Repeat exactly the lines of the records below, starting at the line containing "VTG Blue Label" and ending at the line containing "14 Gauge 9/16". Leave the pictures out.

======== Source material ========

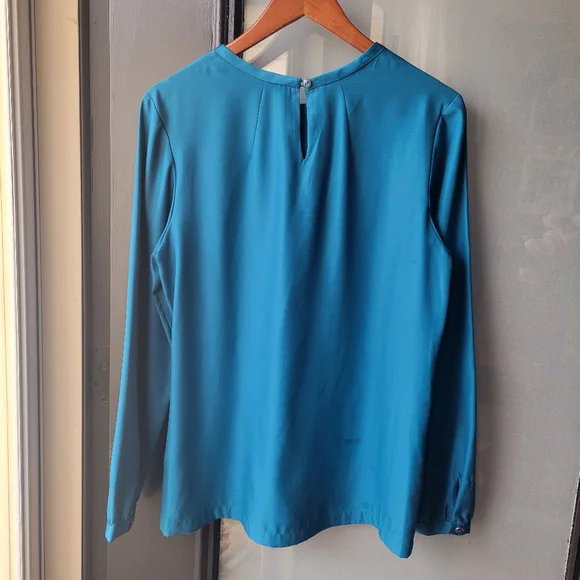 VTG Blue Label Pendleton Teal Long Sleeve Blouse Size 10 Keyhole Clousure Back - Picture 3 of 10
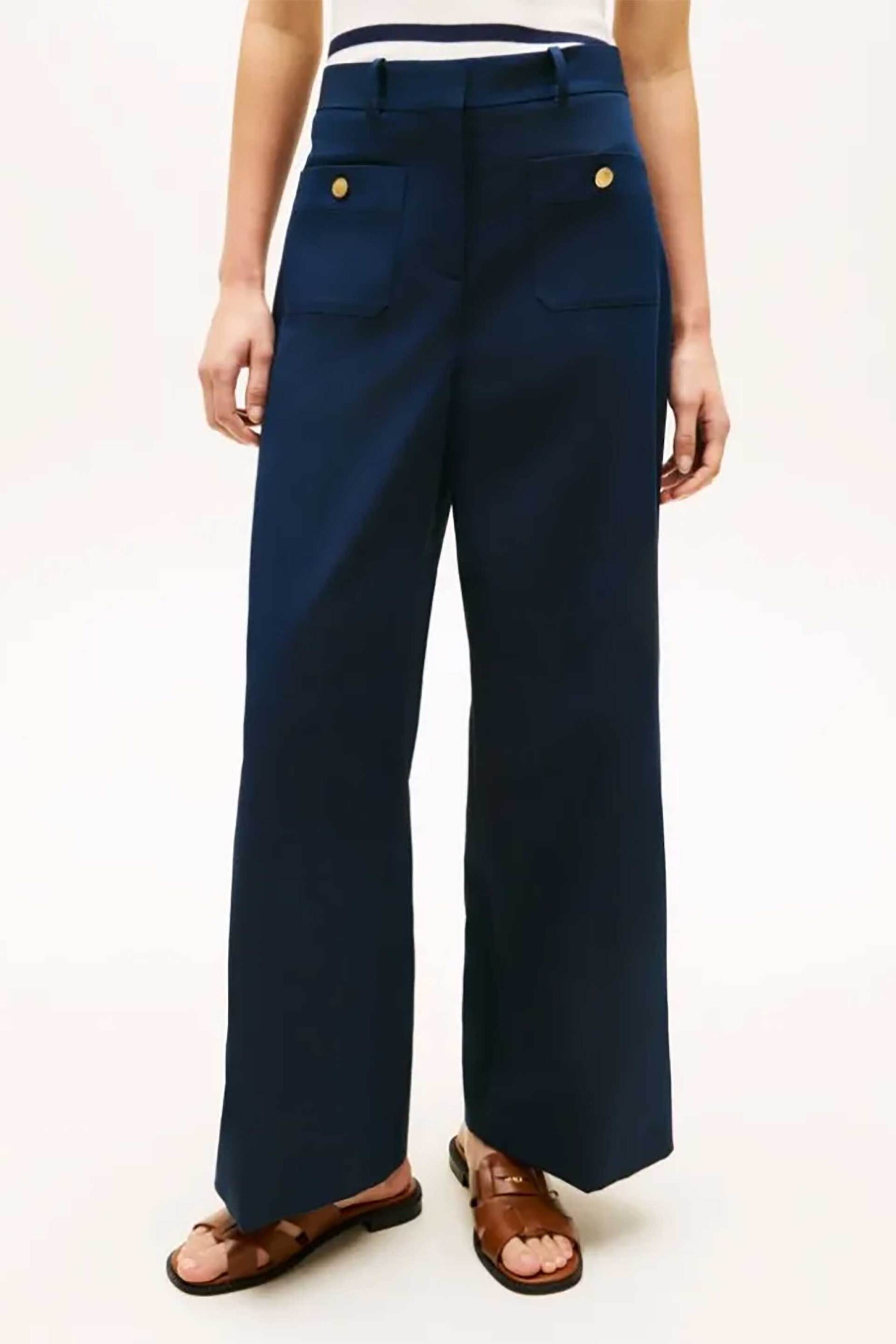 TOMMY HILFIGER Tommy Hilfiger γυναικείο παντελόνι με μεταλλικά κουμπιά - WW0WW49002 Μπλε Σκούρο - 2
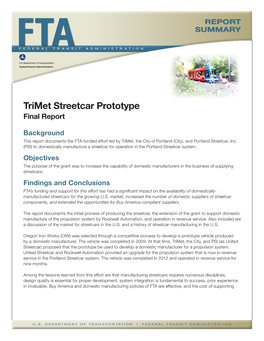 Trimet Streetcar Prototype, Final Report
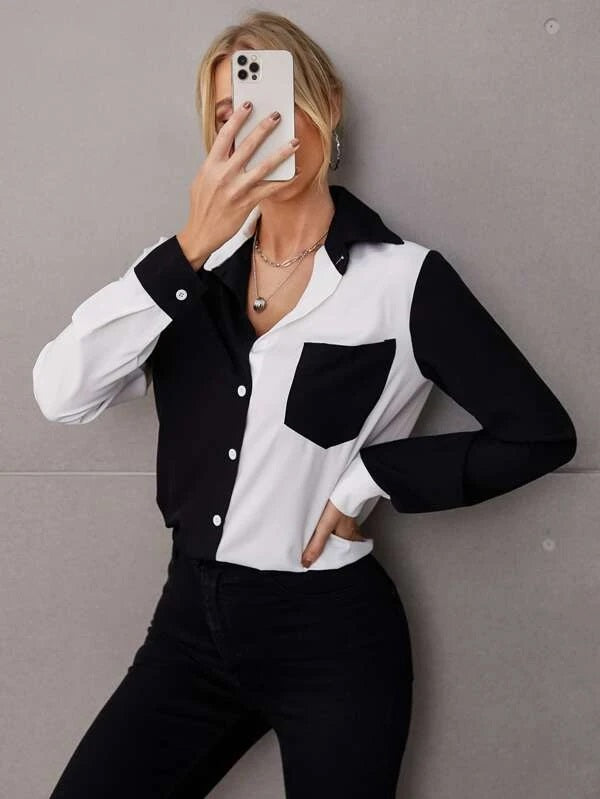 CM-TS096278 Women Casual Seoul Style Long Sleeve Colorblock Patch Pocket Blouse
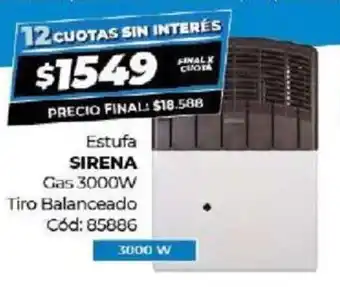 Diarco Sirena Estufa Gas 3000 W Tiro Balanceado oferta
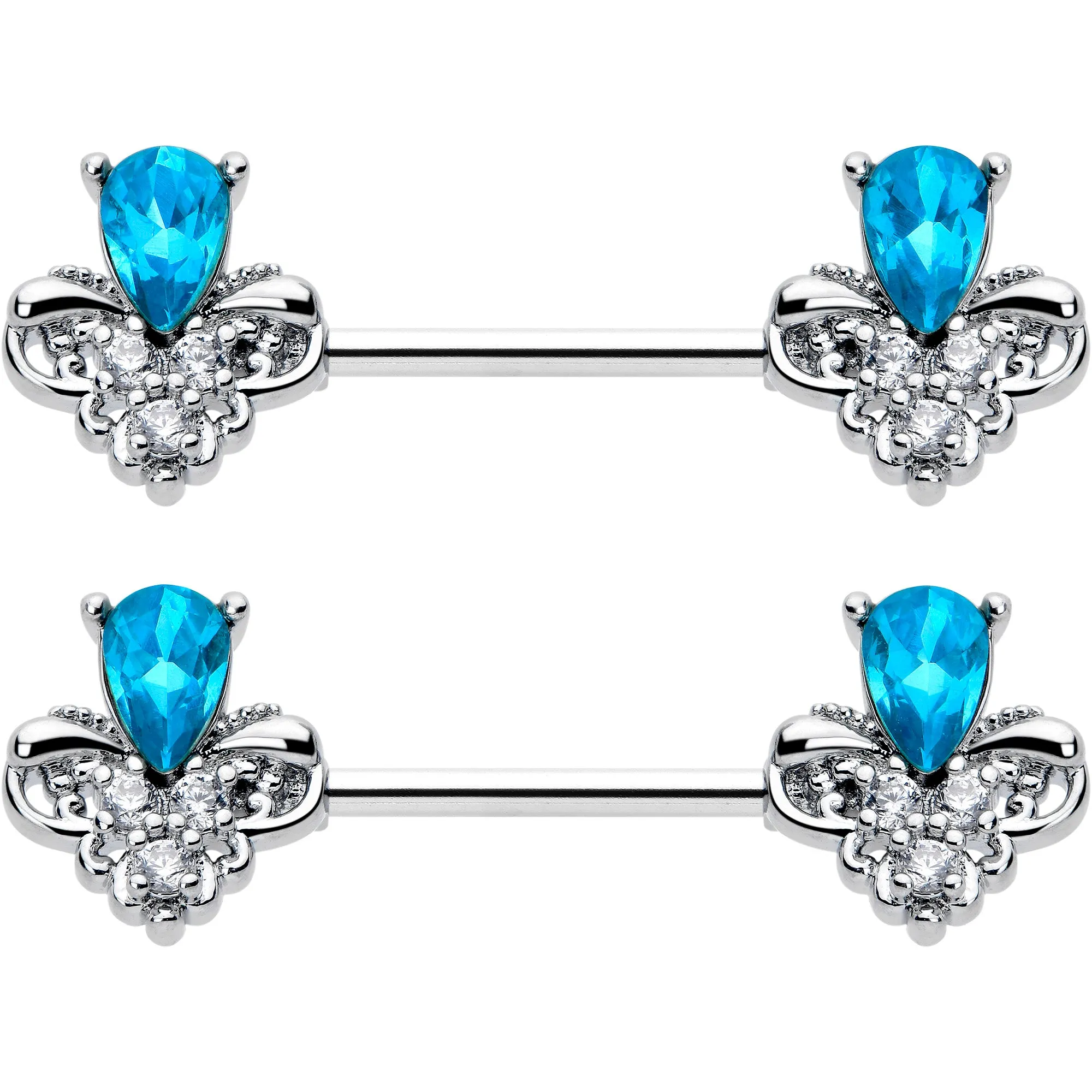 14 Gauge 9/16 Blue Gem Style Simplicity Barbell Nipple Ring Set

========
======== Source material ========

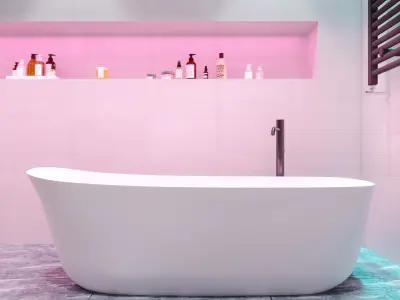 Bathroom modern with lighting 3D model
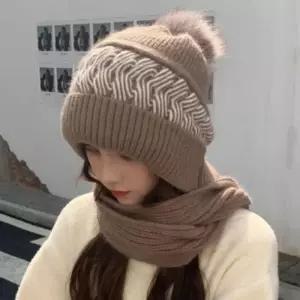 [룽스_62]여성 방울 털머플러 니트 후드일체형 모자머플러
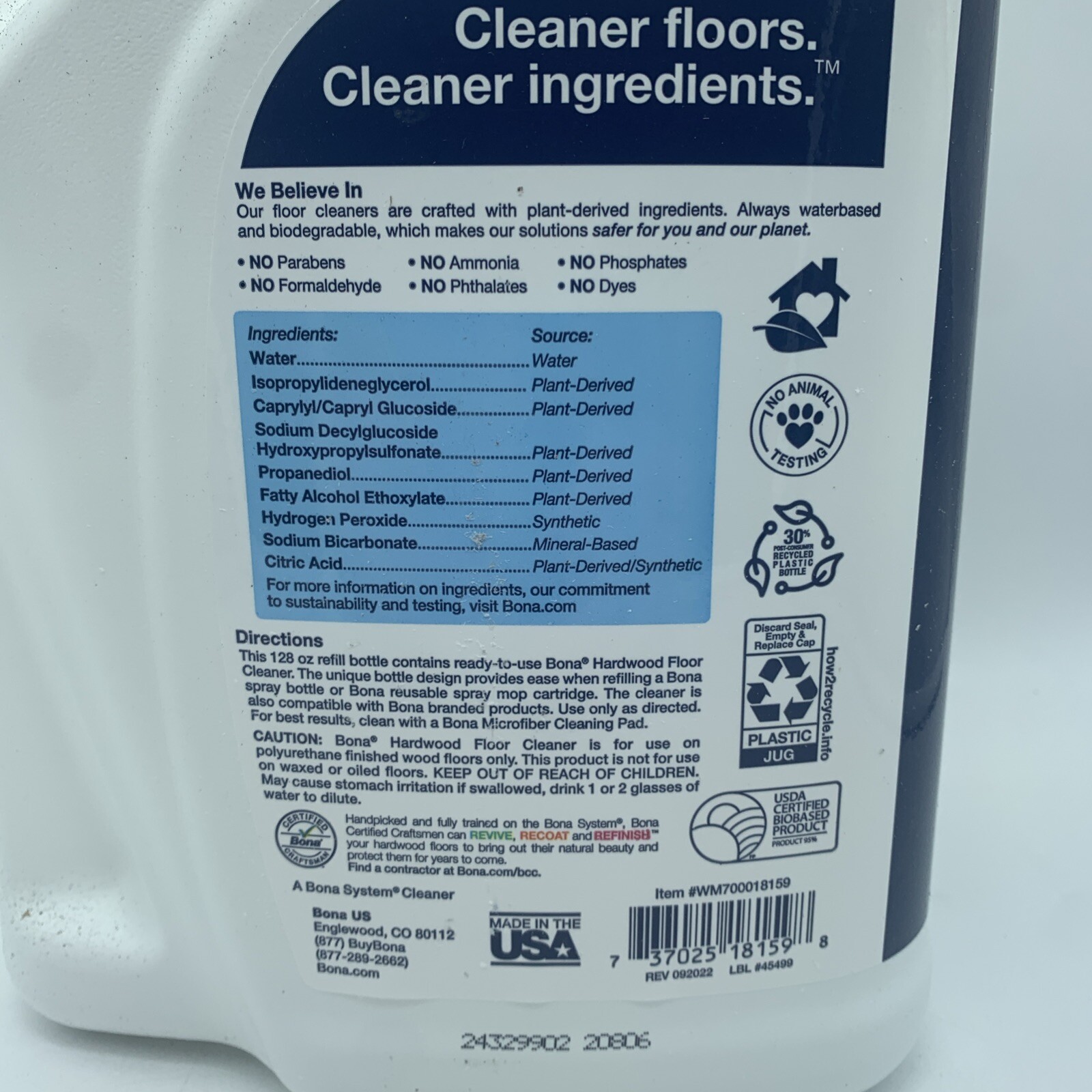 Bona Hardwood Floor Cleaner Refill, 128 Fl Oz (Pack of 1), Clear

========

Answer for this exercise >>
 VTG Blue Label Pendleton Teal Long Sleeve Blouse Size 10 Keyhole Clousure Back - Picture 3 of 10
 TOMMY HILFIGER Tommy Hilfiger γυναικείο παντελόνι με μεταλλικά κουμπιά - WW0WW49002 Μπλε Σκούρο - 2
 Trimet Streetcar Prototype, Final Report
 CM-TS096278 Women Casual Seoul Style Long Sleeve Colorblock Patch Pocket Blouse
 Diarco Sirena Estufa Gas 3000 W Tiro Balanceado oferta
 14 Gauge 9/16 Blue Gem Style Simplicity Barbell Nipple Ring Set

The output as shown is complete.